Prompt: Look through the entries below for the line with "Then install the fences. Let's move around." and the line with "There are two", then give again exactly those two lines and all lines between them, minus the pictures.

Dataset excerpts:
-- -- --

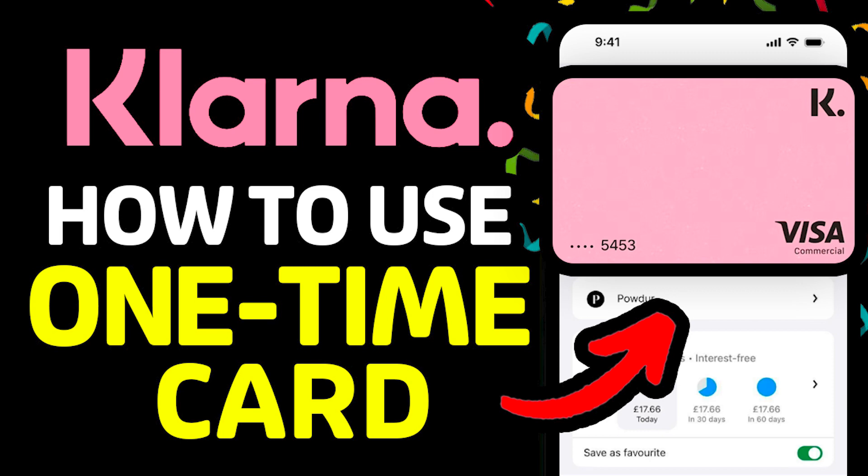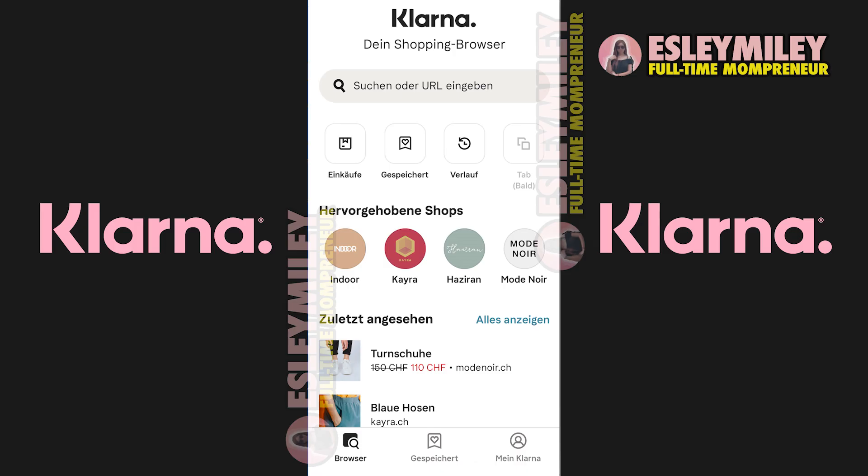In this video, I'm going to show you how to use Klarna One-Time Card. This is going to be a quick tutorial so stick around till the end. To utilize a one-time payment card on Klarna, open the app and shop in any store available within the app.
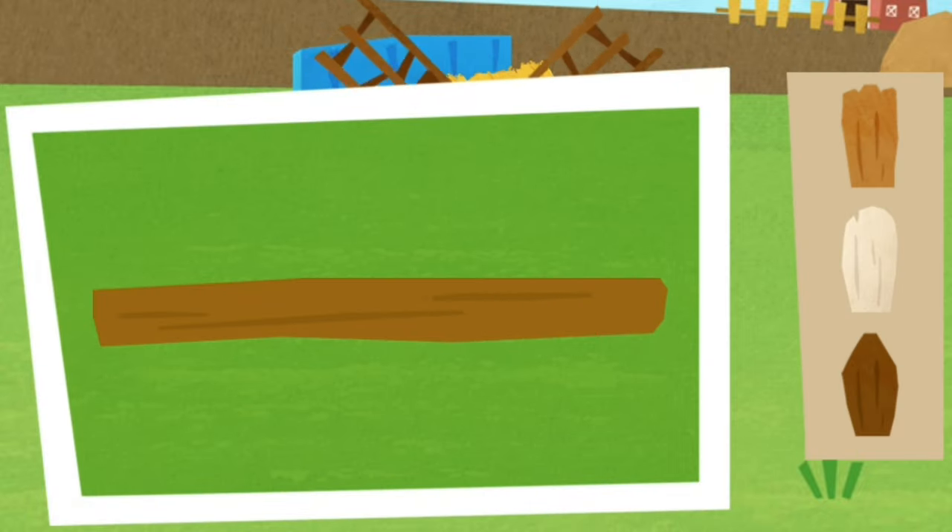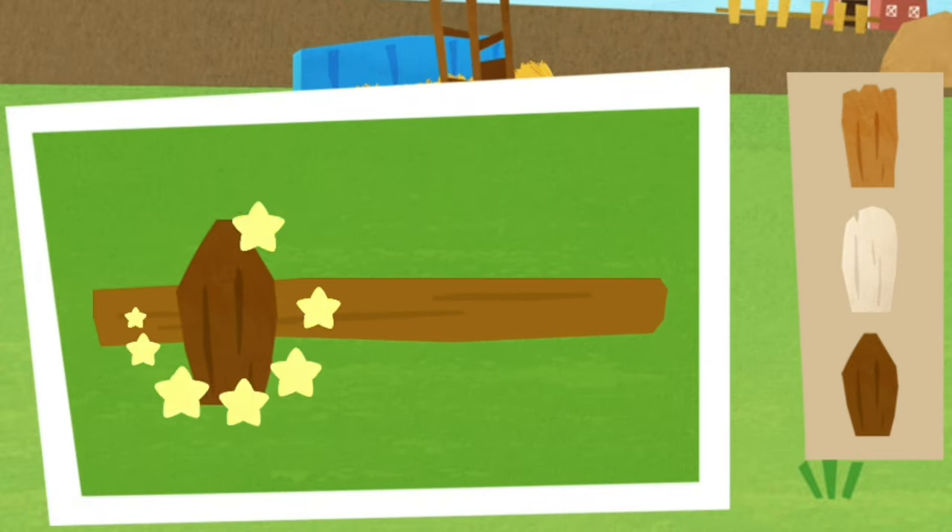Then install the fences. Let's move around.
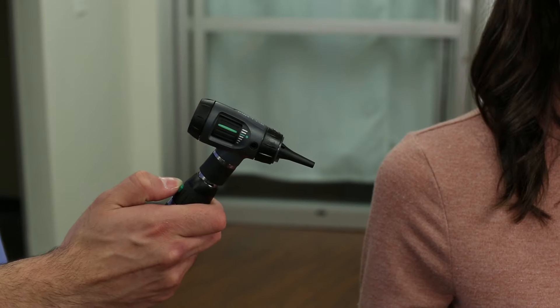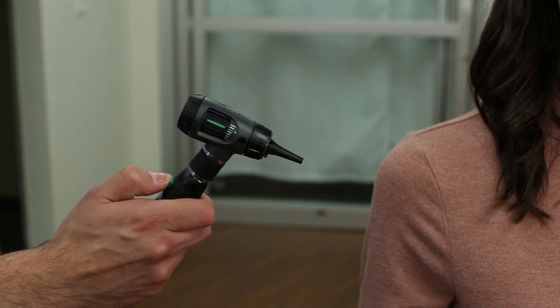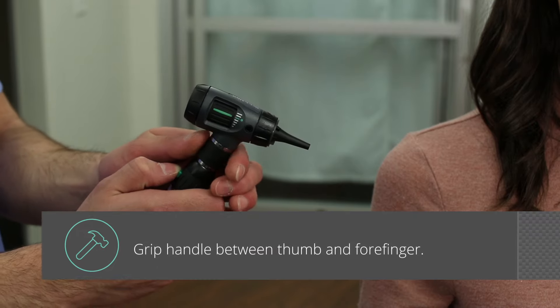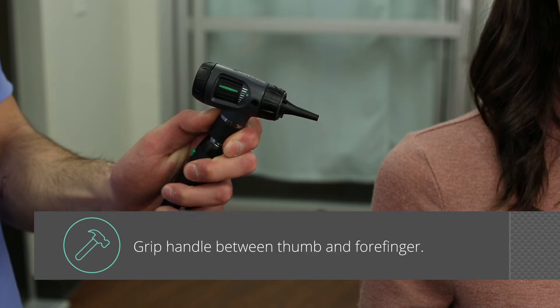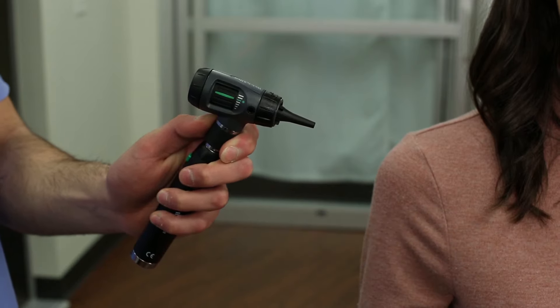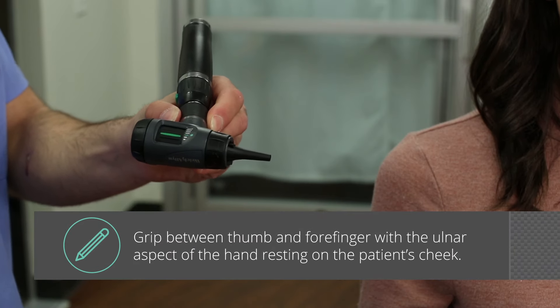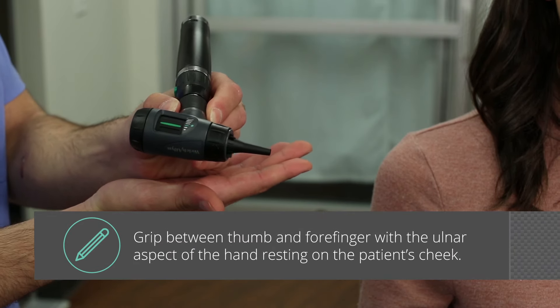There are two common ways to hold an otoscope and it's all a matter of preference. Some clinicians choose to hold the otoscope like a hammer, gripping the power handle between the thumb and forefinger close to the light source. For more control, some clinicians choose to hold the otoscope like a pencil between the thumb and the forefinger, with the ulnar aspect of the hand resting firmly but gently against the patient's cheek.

-- -- --

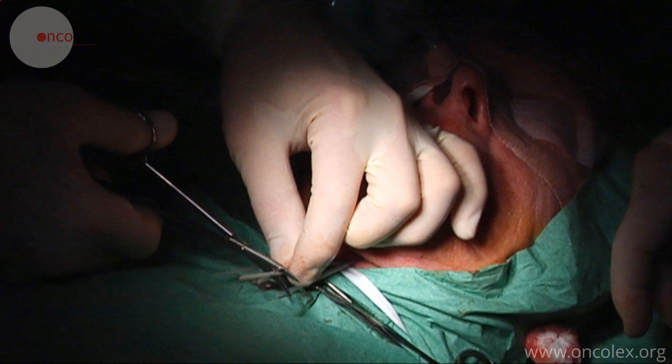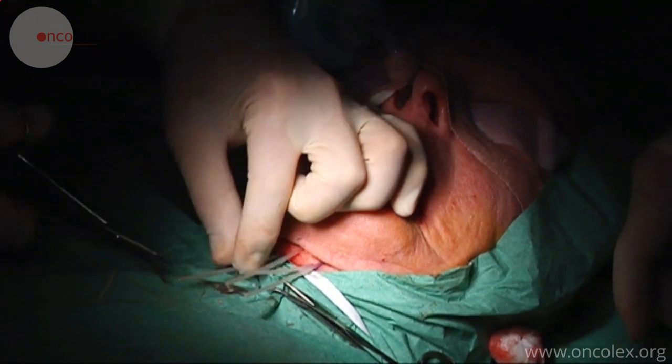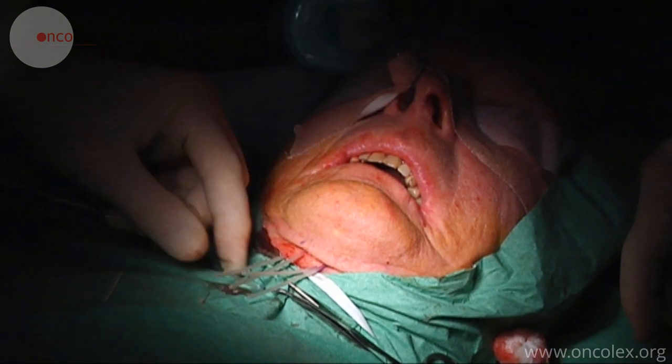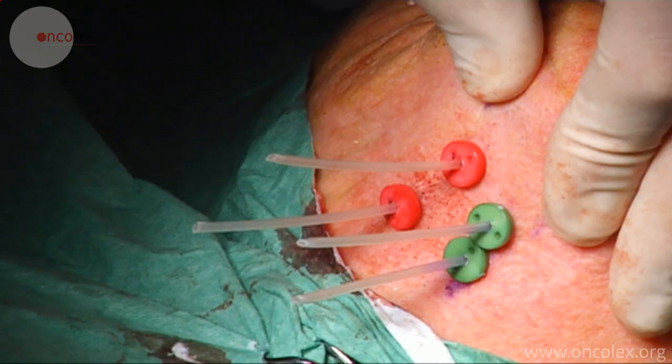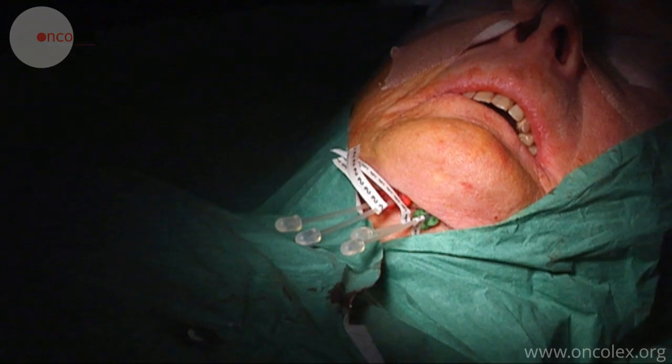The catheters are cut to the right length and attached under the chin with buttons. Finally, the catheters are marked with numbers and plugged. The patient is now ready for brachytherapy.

-- -- --

Completed exercise:
Then install the fences. Let's move around.
There are two common ways to hold an otoscope and it's all a matter of preference. Some clinicians choose to hold the otoscope like a hammer, gripping the power handle between the thumb and forefinger close to the light source. For more control, some clinicians choose to hold the otoscope like a pencil between the thumb and the forefinger, with the ulnar aspect of the hand resting firmly but gently against the patient's cheek.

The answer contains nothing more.